A DOUTRINA DA GRAÇA NA HISTÓRIA DA IGREJA

Os ensinos da Escritura acerca da graça de Deus ressaltam o fato de que Deus distribui Suas bênçãos aos homens de maneira livre e soberana, e não em consideração a algum mérito dos homens; que os homens devem todas as bênçãos da vida a um Deus, perdoador e longânimo; e especialmente que todas as bênçãos da obra de salvação são dadas gratuitamente por Deus, e de maneira nenhuma são determinadas pelos supostos méritos dos homens. Paulo o expressa claramente com as seguintes palavras: “Porque pela graça sois salvos, mediante a fé; e isto não vem de vós, é dom de Deus, não de obras, para que ninguém se glorie”, Ef 2.8, 9. Ele dá forte ênfase ao fato de que a salvação não é pelas obras, Rm 3.20-28; 4.16; Gl 2.16.

Esta doutrina não ficou livre de contestação. Nalgumas dos chamados pais da igreja primitiva, particularmente da igreja oriental, já encontramos um estilo moralista que não se harmoniza com a ênfase paulina. A tendência que se tornou patente naquela parte da igreja, finalmente culminou no pelagianismo. A concepção pelagiana da graça era bastante incomum. Segundo Wiggers, para Pelágio a graça abrange: (a) “O poder de fazer o bem (possibilitas boni) e, daí, especialmente o livre arbítrio propriamente dito.” (b) “A revelação, a lei e o exemplo de Cristo, que tornam a prática da virtude mais fácil para o homem.” (c) “A nossa capacitação, pela nossa própria vontade, de abster-nos de pecar, e dar-nos Deus o auxílio da Sua lei e dos Seus mandamentos, e Seu perdão prévio dos pecados daqueles que voltam para Ele.” (d) “Influências sobrenaturais sobre o cristão, pelas quais o entendimento recebe a iluminação e a prática da virtude se lhe torna mais fácil.”[1] Ele não reconhecia nenhuma operação direta do Espírito de Deus na vontade do homem, mas somente uma operação indireta na vontade, mediante a consciência iluminada. Em seu conceito, a operação da graça de Deus era primordialmente, embora não exclusivamente, externa e natural. Em oposição ao conceito pelagiano, o de Agostinho é freqüentemente denominado “teologia da graça”. Conquanto Agostinho admitisse que a palavra “graça” podia ser utilizada num sentido mais amplo (graça natural), e que mesmo no estado de integridade era a graça de Deus que possibilitava a Adão reter a sua retidão, a sua maior ênfase é sempre sobre a graça como dom de Deus ao homem decaído, graça que se manifesta no perdão do pecado e na renovação e santificação da natureza humana. Em vista da depravação total do homem, ele considera esta graça como absolutamente necessária para a salvação. Ela é acionada no homem pela operação do Espírito Santo, que habita e age nos eleitos e constitui o princípio de todas as bênçãos da salvação. Ele distinguia entre a graça operante ou proveniente, e a graça cooperante e subseqüente. A primeira habilita a vontade a escolher o bem, e a segunda coopera com a vontade já habilitada, para a prática do bem. Em sua luta com o semipelagianismo, Agostinho salientava o caráter inteiramente gratuito e irresistível da graça de Deus.

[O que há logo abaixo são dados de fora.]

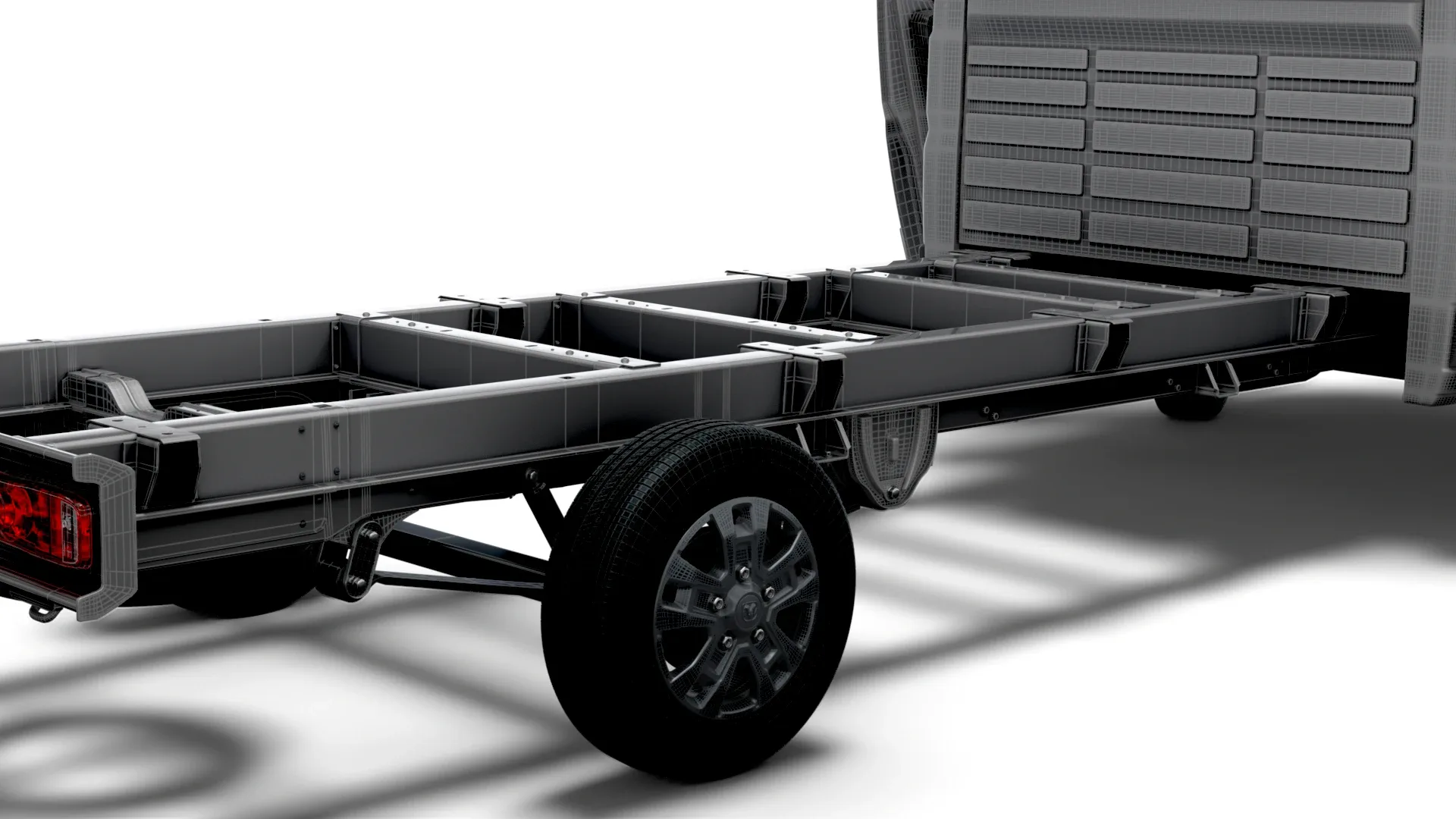 RAM Promaster Chassis HQInterior SCab 4035WBXL 2023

Nos conflitos subseqüentes, a doutrina agostiniana da graça foi vitoriosa apenas em parte. Seeberg expressa-se como segue: “Assim, a doutrina da ‘graça somente’ saiu vitoriosa; mas a doutrina agostiniana da predestinação foi abandonada. A graça irresistível da predestinação foi expulsa de campo pela graça sacramental do batismo”.[2] Durante a Idade Média, os escolásticos deram considerável atenção ao tema da graça, mas nem sempre concordavam quanto aos pormenores da doutrina. Uns se aproximaram da concepção agostiniana da graça, outros da concepção semipelagiana. Em geral se pode dizer que eles entendiam que a graça é mediada pelos sacramentos, e procuravam combinar com a doutrina da graça uma doutrina do mérito que comprometia seriamente aquela. A ênfase não era à graça como o favor de Deus demonstrado aos pecadores, mas à graça como uma qualidade da alma, que tanto podia ser considerada como incriada (i.e., como o Espírito Santo), como em-criada, ou produzida nos corações dos homens pelo Espírito Santo. A graça infusa é básica para o desenvolvimento das virtudes cristãs, e capacita o homem a adquirir méritos para com Deus, a merecer maior graça, embora não possa merecer a graça da perseverança. Esta só se pode obter como um livre dom de Deus. Diferentemente de Agostinho, os escolásticos não mantinham a conexão lógica entre a doutrina da graça e a doutrina da predestinação.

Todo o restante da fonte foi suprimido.